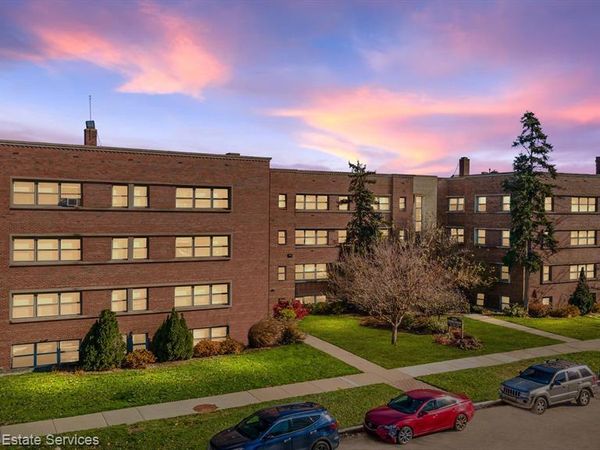 550 Parkview #317 - 1 Bedroom, Detroit, MI 48214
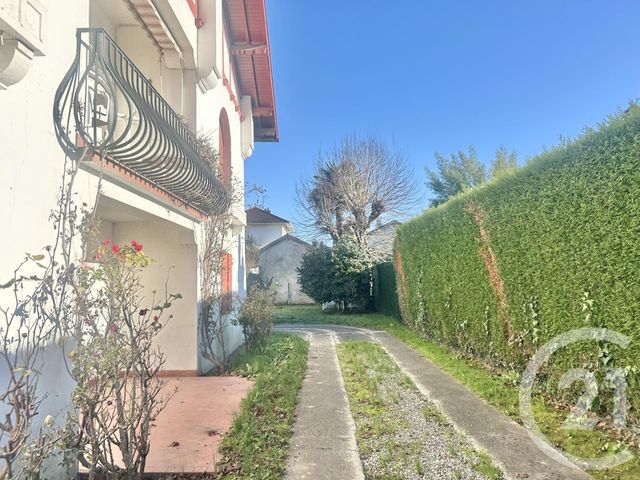 Maison &agrave; vendre - 6 pi&egrave;ces - 215 m2 - Pau - 64 - AQUITAINE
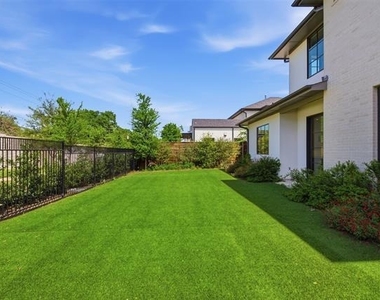 9855 Kingsway Avenue - Photo Thumbnail 34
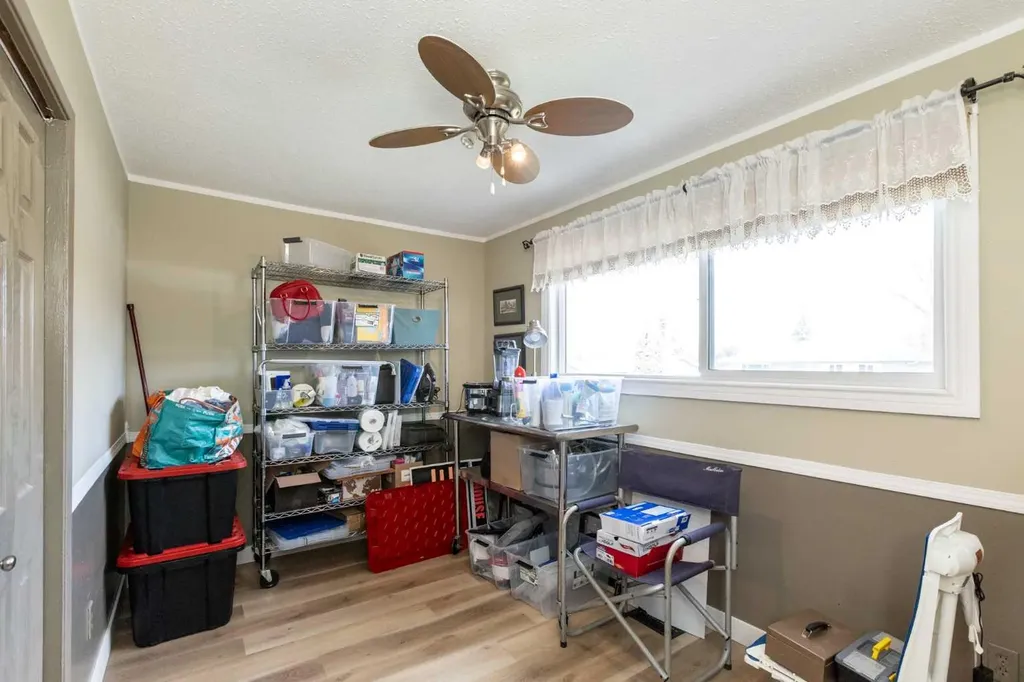 5015 35 Street Innisfail AB T4G 1H5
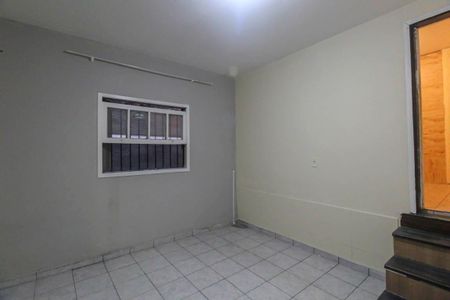 Quarto 1 de casa para alugar com 2 quartos, 114m² em Parque Santa Madalena, São Paulo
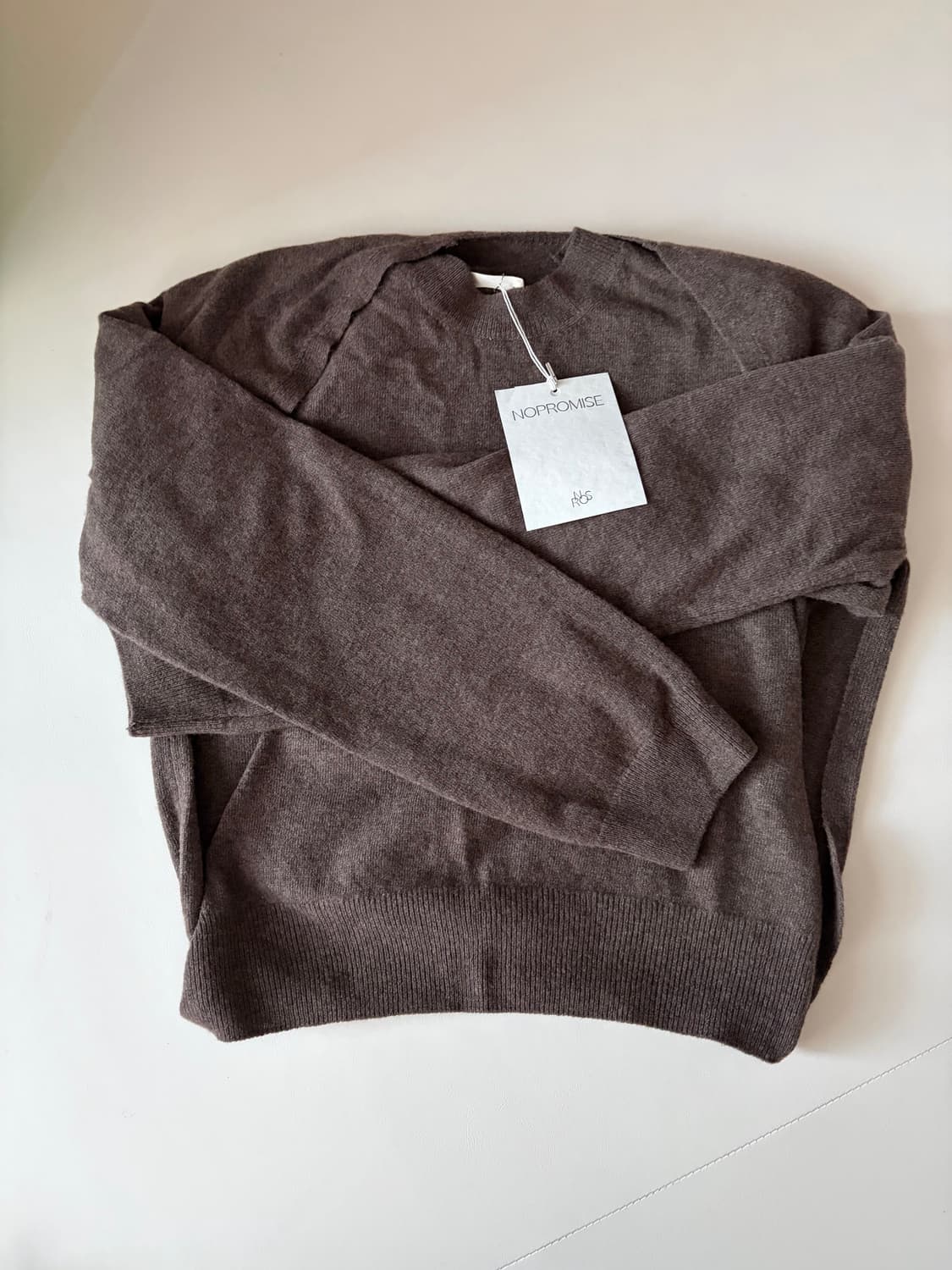 노프라미스 캐시미어 니트 세트 (브라운) 상품이미지1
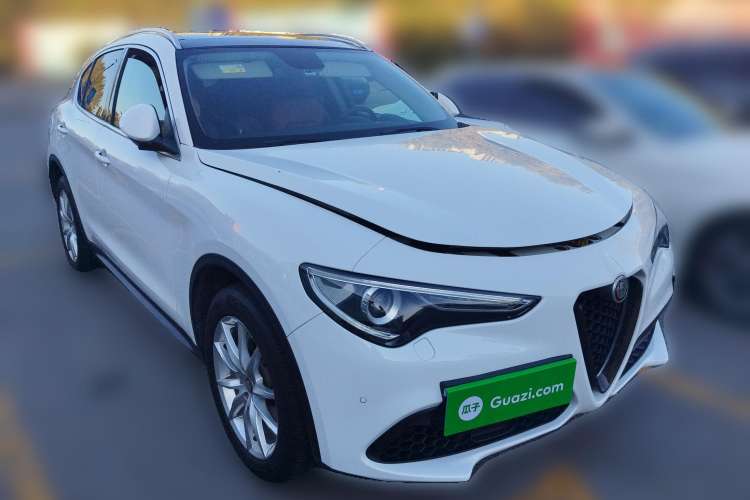 Used Alfa Romeo Stelvio 2017 2.0T 280HP Luxury Edition Front Right 45 Deg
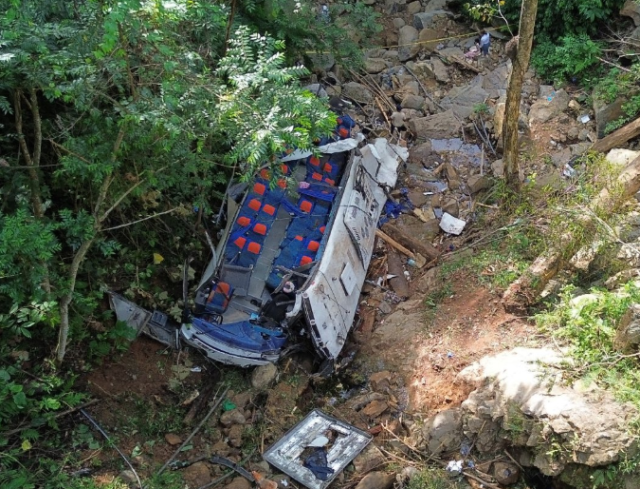 A horrific accident on the way back from graduation! 17 people lost their lives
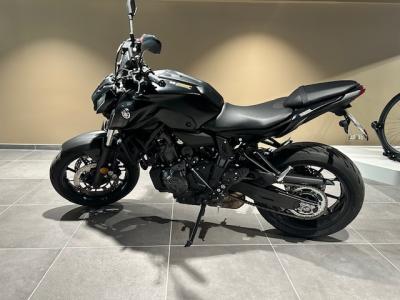 YAMAHA MT-07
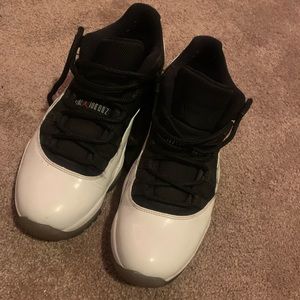 Jordan Retro 11 Reverse Tuxedo size 11. No box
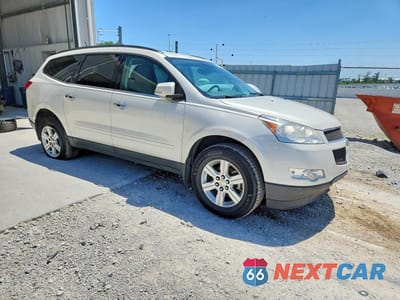Czwarte zdjęcie samochodu z boku: 2011 CHEVROLET TRAVERSE LT VIN:1GNKRGED8BJ279849 - miniatura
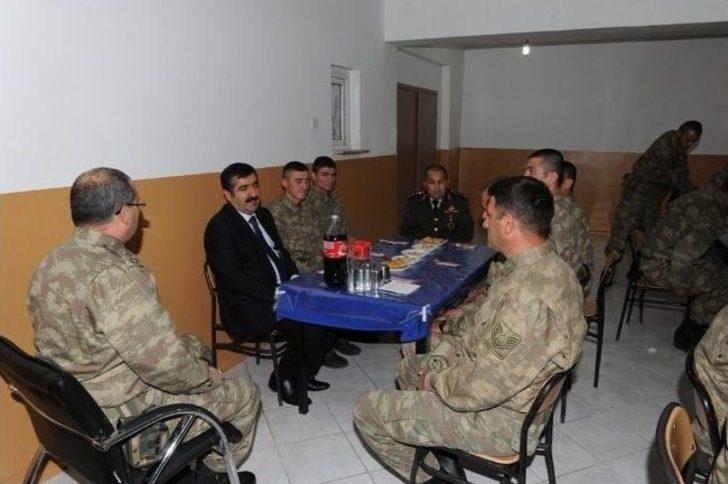 Vali Doğan’dan Bayram Ziyaretleri G5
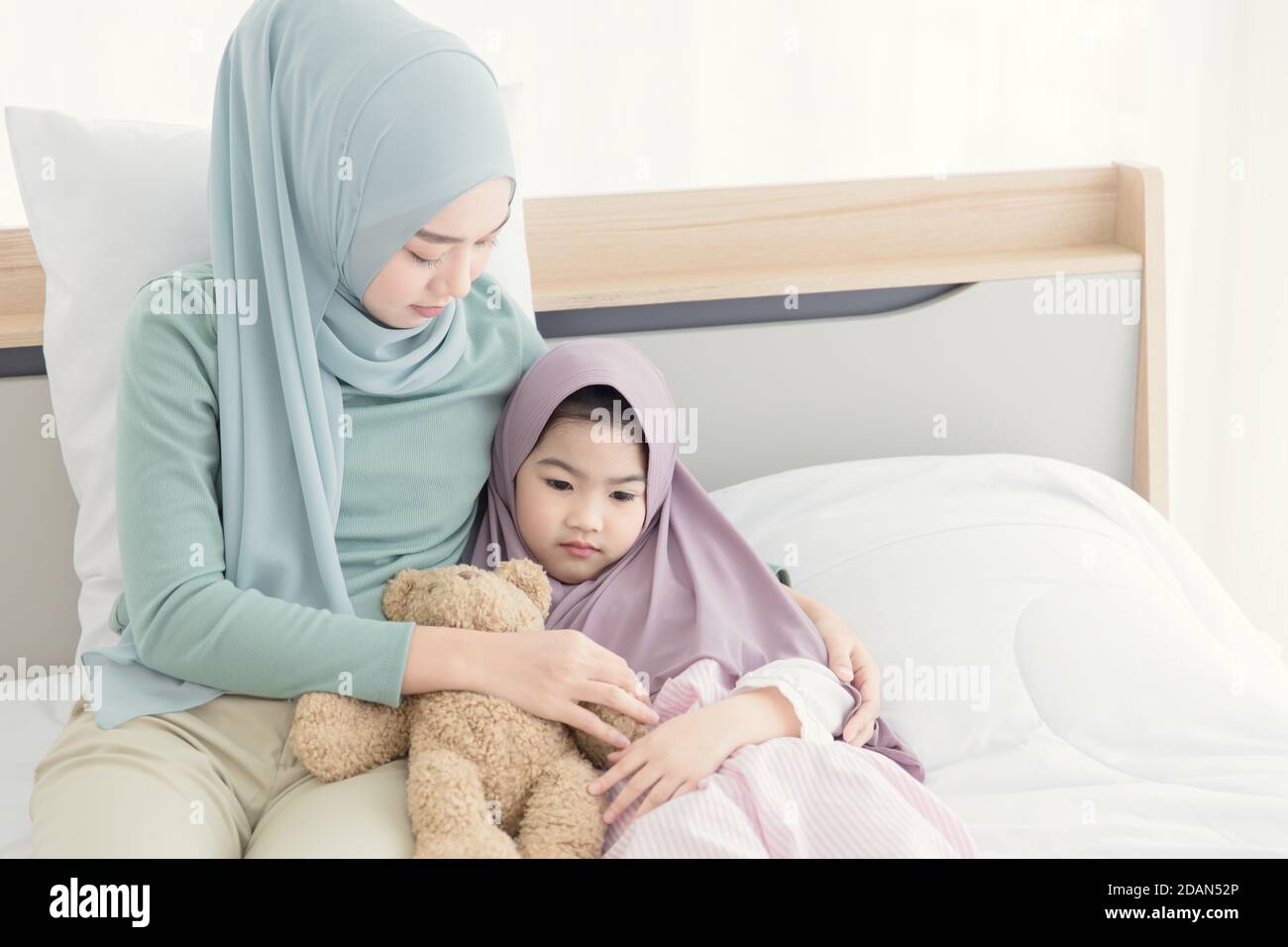 la madre musulmana consolante grida e deprime il bambino piccolo da essere intimidito e odio andare a scuola. Foto Stock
────────────────────
Problem details:
Only the lines from the start of the records above through the line containing "Jordan Retro 11" should be returned, exactly and with both ends, please; the pictures stay out.

Answer box:
 550 Parkview #317 - 1 Bedroom, Detroit, MI 48214
 Maison &agrave; vendre - 6 pi&egrave;ces - 215 m2 - Pau - 64 - AQUITAINE
 9855 Kingsway Avenue - Photo Thumbnail 34
 5015 35 Street Innisfail AB T4G 1H5
 Quarto 1 de casa para alugar com 2 quartos, 114m² em Parque Santa Madalena, São Paulo
 노프라미스 캐시미어 니트 세트 (브라운) 상품이미지1
 Used Alfa Romeo Stelvio 2017 2.0T 280HP Luxury Edition Front Right 45 Deg
 A horrific accident on the way back from graduation! 17 people lost their lives
 YAMAHA MT-07
 Jordan Retro 11 Reverse Tuxedo size 11. No box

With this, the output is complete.